Claudio Ferrufino-Coqueugniot
Irina promete llevarme hasta Gogol, a los secretos escondidos de la rutina. A besarme en salones que recreó Nikhita Mikhalkov de Turgueniev. Besos en la cueva del talento, amores sobre el terciopelo del genio. Cuando era niño imaginaba los campos de Cochabamba como los espacios solariegos de las letras rusas. Me decía, sin saber ni conocer, que existía una tenue mas profunda hermandad entre nosotros bolivianos, pueblo básicamente rural, y los de allí. Que en Mirgorod o en el Stepantchicovo de Dostoievski habíamos nacido, vivido, y que allí moriríamos. Se lo digo a Irina, a su largo casi metro ochenta y verde pupila de gato, y supone que perdí el juicio. Le recito a Rilke que me regaló mi madre entre tantas cosas, y sé, de antemano, que en esos campos donde se enterraron los soldados suecos se agita la tierra para recibirme. Descansar donde se soñó estar, mucho pedir…
Manu Chao canta qué horas son, mi corazón. Recuerdo que sentado yo en las gradas de Eisenstein, de Odessa, del Potiomkin, en aquella explanada al lado de la estatua de Ekaterina reina rodeada de amantes, alguien del gentío puso en la radio que llevaba el Clandestino de Manu Chao. Una muchacha me abrazaba y le decía me gustas tú, como en la canción. ¿Qué voy a hacer? Je ne sais pas, je ne sais plus. Je suis perdu. Abajo el mar negro tenía ese color. Por ahí estaba la estatua de Richelieu; las horas tenían otro tono, el aire sabía a piel frotada con flor de lavanda. Turquía estaba al otro lado. Y creí ver las luces de Crimea. Quería, quise, uno ve lo que desea.
Me he puesto como tema estoico y obsesivo el ruso.
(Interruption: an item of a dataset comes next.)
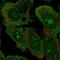 Dedicator Of Cytokinesis 4 antibody, NBP2-57555, Novus Biologicals, Immunocytochemistry image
Lo voy a hablar así cumpla sesenta y dos cuando pueda decirte que más que una dacha quiero una isba donde cultivemos patatas, y que en las noches estrelladas de la estepa hablemos de nuestros próximos viajes. A París, deseas. Me gustará; pero accede a ver conmigo Bujara, y Kazán. Y el Cañón del Sumidero, en el México lejano sur.
Si puedo trabajar como esclavo quince horas diarias, podré como amante darte quince minutos de revolver tu cabello, sonrojar tus mejillas y pintar de marrón mío tu blanca piel de crema flotando en el borscht. Imagina, haciendo mochilas para partir hacia Rusia, empezando por Belgorod, siguiendo las huellas de los tanques de la horrísona guerra. Baikal, el río Amur, el filme de Derzu Uzala y los tigres del Amur dispuestos a sacrificarnos como sabrosas piezas.
Irina, creo que van setenta cartas intercambiadas. Poco nos conocemos y mucho hemos leído. Iba a verte en septiembre pero la peste no concuerda con la pasión. ¿O nada hay más apasionado que la plaga? Quizá me equivoco. Desde los idus de marzo que lo planificamos. Quedan, por supuesto, esas misivas con la romántica lascivia de Catulo y las veleidades de César. Aguardo, espero. La mies se secará en los campos de Poltava, vendrá la nieve, pero tu piel será la misma. Tu sonrisa igual y tus ojos. Te pediré susurrar en ucraniano. No lo voy a entender y no importa. ¿Que si hay amaneceres nuevos después del desastre? Siempre. Y este viento se llama Irina: la tempestad y el alivio.